Title
www.austrian-space-pioneers.at
Sky
Pioneers
  Eugen Sänger
 

Born 1905 in Preßnitz, Bohemia, Austria-Hungary
(now flooded in the Pir
senice lake, Czech Republik)

Died 1964 in Berlin

 
 

 

Eugen Sänger, first studied civil engineering at the University of Technology in Graz, but after reading Oberth's book about space travel he changed to the field of aeronautics at the University of Technology in Vienna. It was impossible for him to graduate with a thesis on rockets so instead he wrote one about experi-mental airfoil design and graduated in 1931.

In 1932 he started to establish a test-bed for rocket engines at the University of Technology in Vienna, where he worked as an assistant researcher and developed and experimented on different designs of combustion chambers.

His famous book “Raketenflugtechnik” (Rocket Flight Engineering) was published 1933. This was the first book on rocketry from an academic professional.
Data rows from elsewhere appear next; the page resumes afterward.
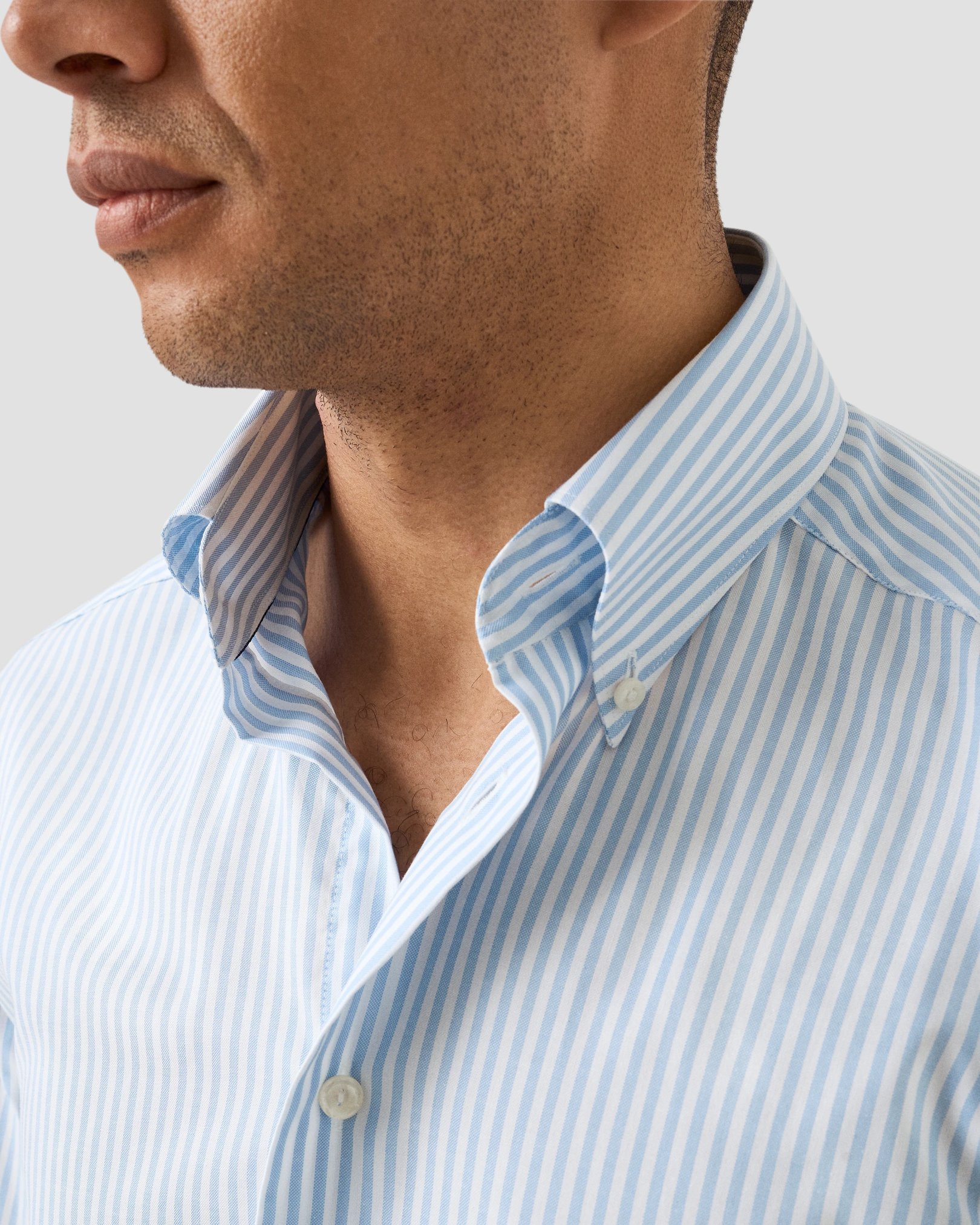 Eton - Stripe Signature Oxford Shirt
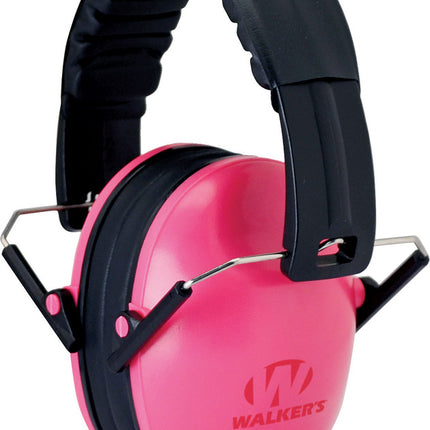 Folding Kid Muff Pink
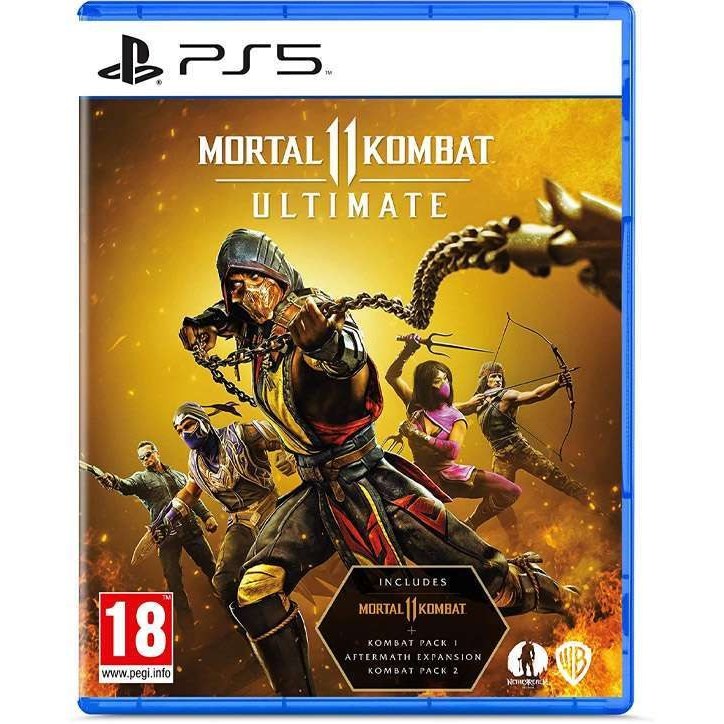 بازی Mortal Kombat 11 Ultimate برای پلی استیشن ۵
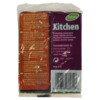 Plantaardige schuurspons x2 -10x6 5x1.8cm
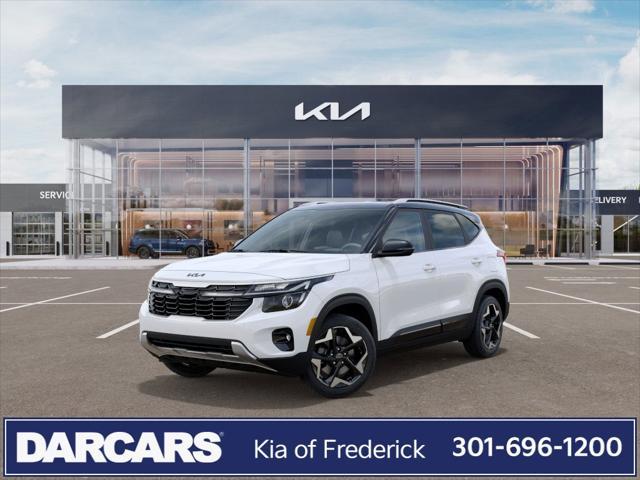 new 2025 Kia Seltos car, priced at $27,270
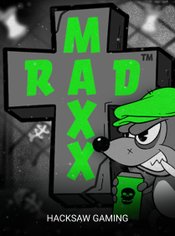 Rad Maxx slot by Hacksaw Gaming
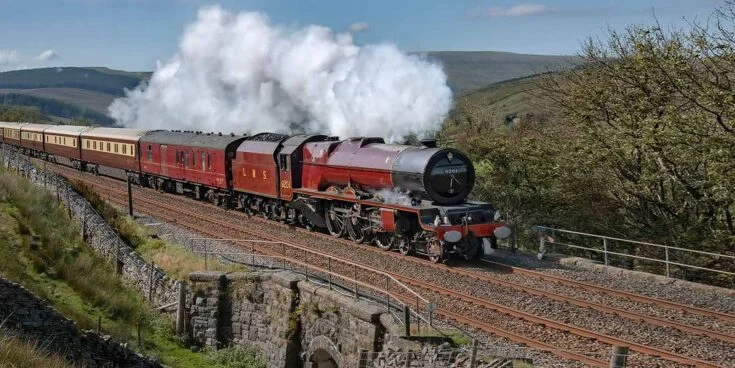Yorkshire Dales near Docker Lodge Park Kirkby Lonsdale
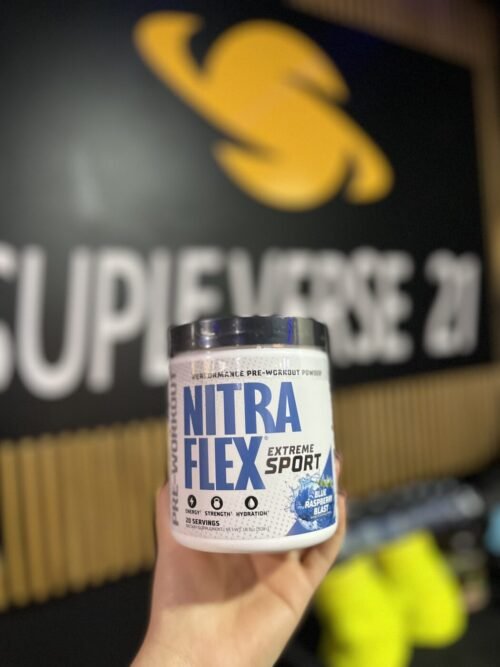 GAT NITRAFLEX EXTREME SPORT BLUE RASPBERRY BLAST 309G
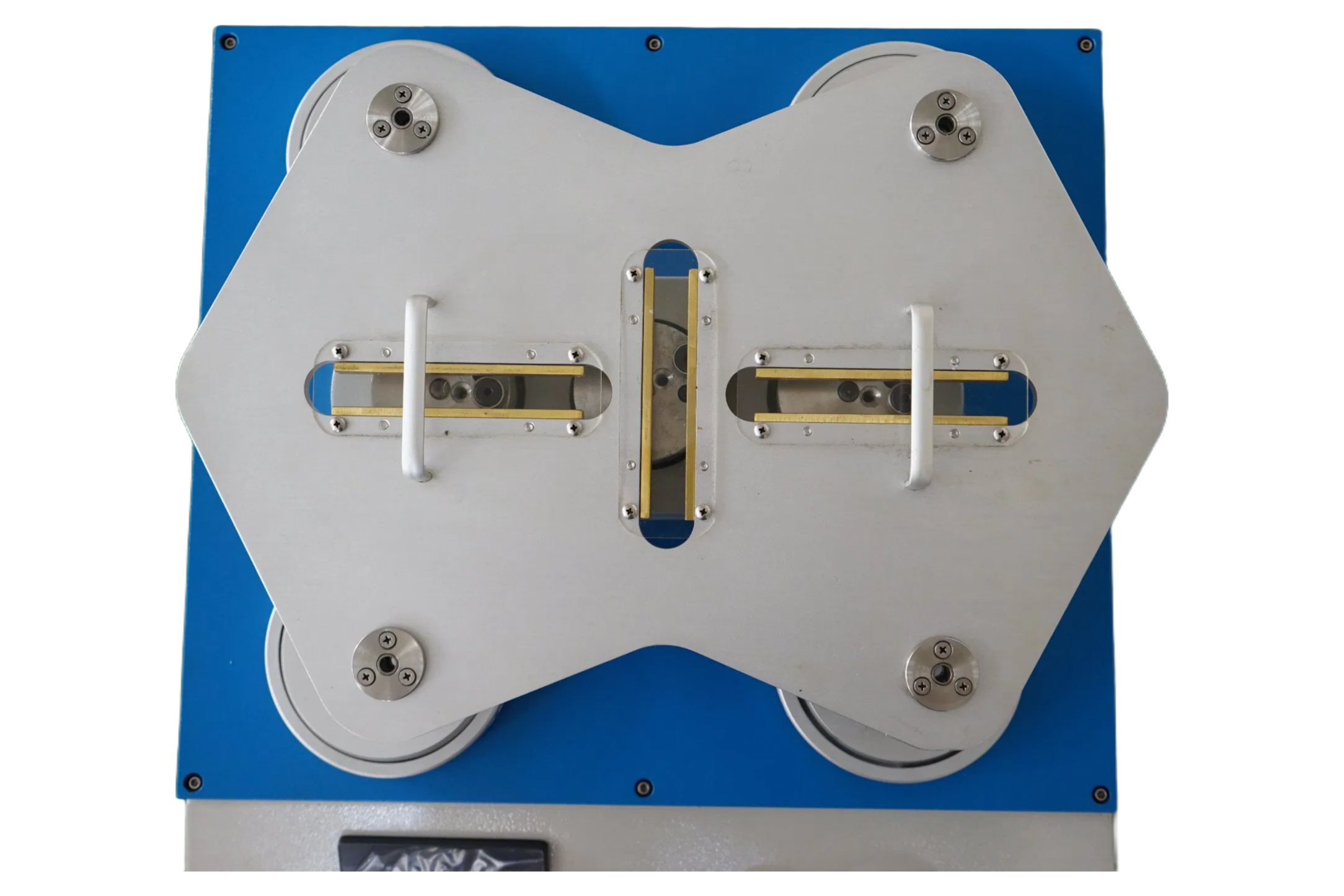 8-Head Martindale Abrasion Tester for Textile Pilling Resistance Testing ISO Standard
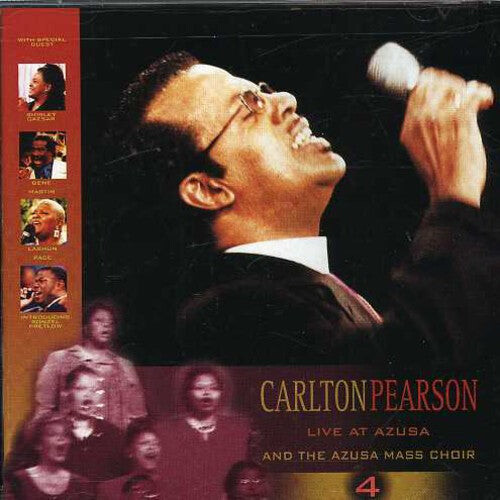 

CD диск Pearson, Carlton: Live At Azusa Vol.4
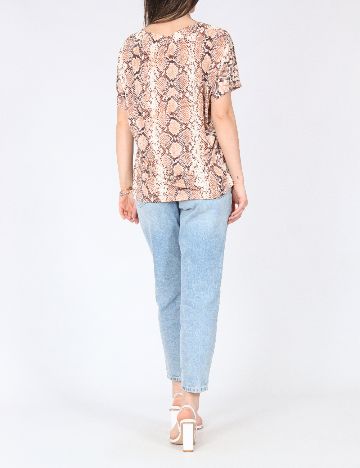 Bluza River Island, imprimeu sarpe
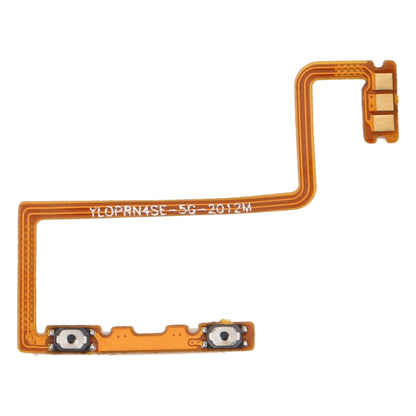 สำหรับ OPPO Reno4 SE PEAT00 PEAM00 ปุ่มปรับระดับเสียง Flex Cable, For OPPO Reno4 SE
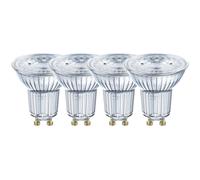 4x Ledvance LED Smart+ Glass Reflector 5W=40W GU10 Warm White Bluetooth Dimmable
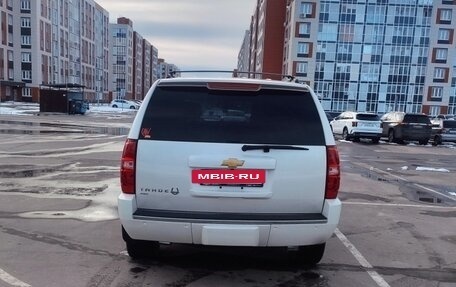 Chevrolet Tahoe III, 2013 год, 2 750 000 рублей, 5 фотография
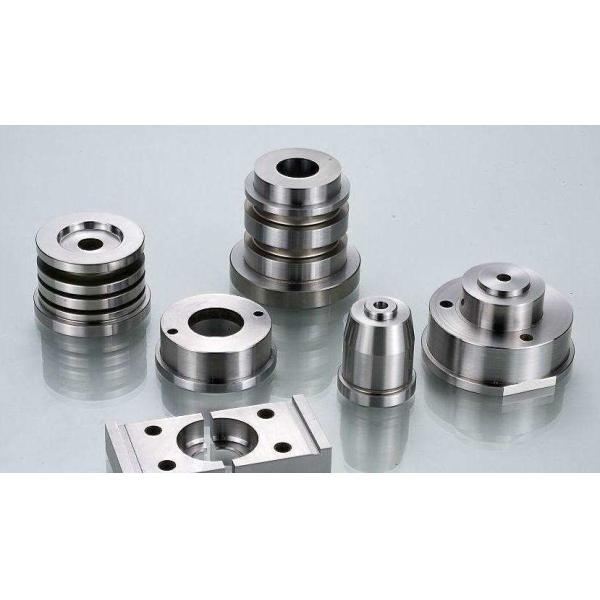 China Standard Precision Mould Parts Customized Heat Treatment With Laser Engraving factory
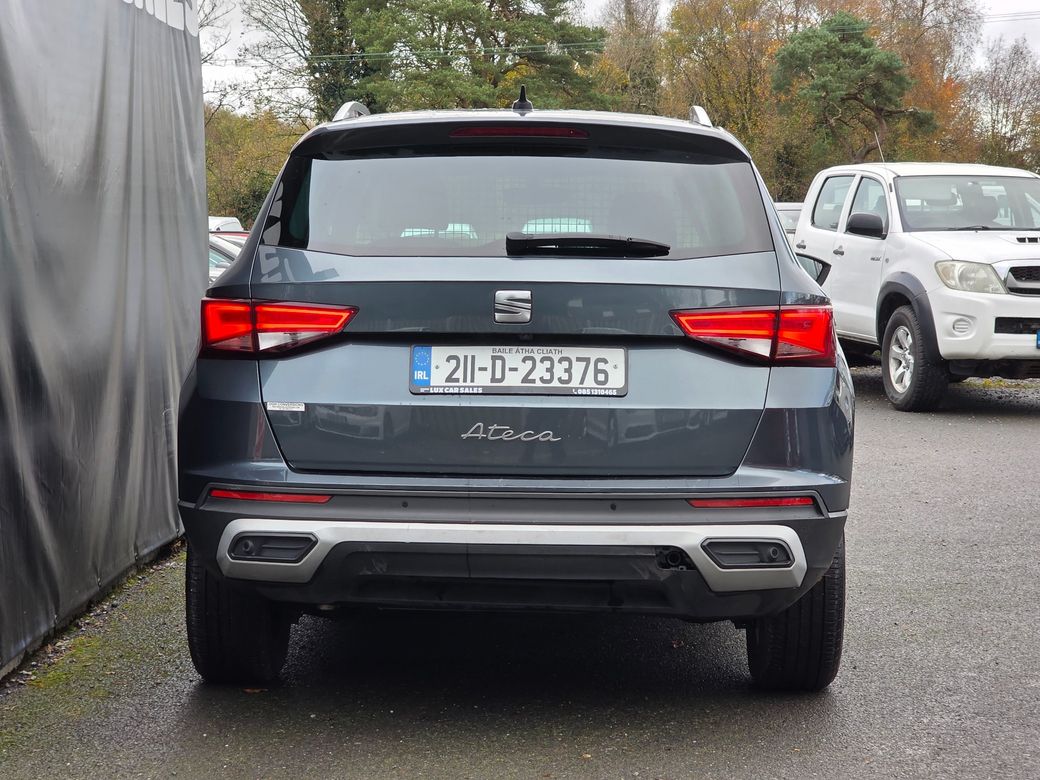 2021 SEAT Ateca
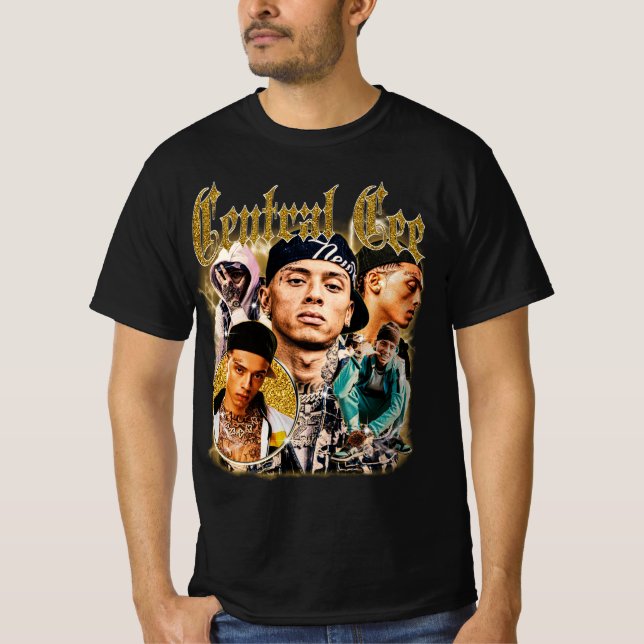Central Cee - brittisk rappare T Shirt (Framsida)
His experimental success in designing rocket engines led to engagement as head of  his development center for jet engines in Trauen, Germany, in 1936.

During WW II  he experimented with designs for combustion chambers providing a thrust of up to 100 tons and designs of jet propulsion. Together with his wife Irene Sänger-Bredt, he worked out the detailed plans for a horizontally starting and landing rocket space plane, which could transport a one ton payload into orbit. This so-called “Silbervogel” (Silver Bird) was the prototype of a subsequent series of designs of horizontally starting and landing space planes. In honor of his achievements the German proposal for a next generation space plane is named “Sänger II”. It  consists of an airplane for reaching higher altitudes plus the piggy-back rocket plane.

After the war he worked for the French government and he was one of the founders of the International Astronautical Federation in 1951. He served as its first president. In 1954 he founded in Stuttgart the Research Institute for Physics of  Jet Propulsions. Since 1962 he worked as a professor for jet propulsion in Berlin, Germany.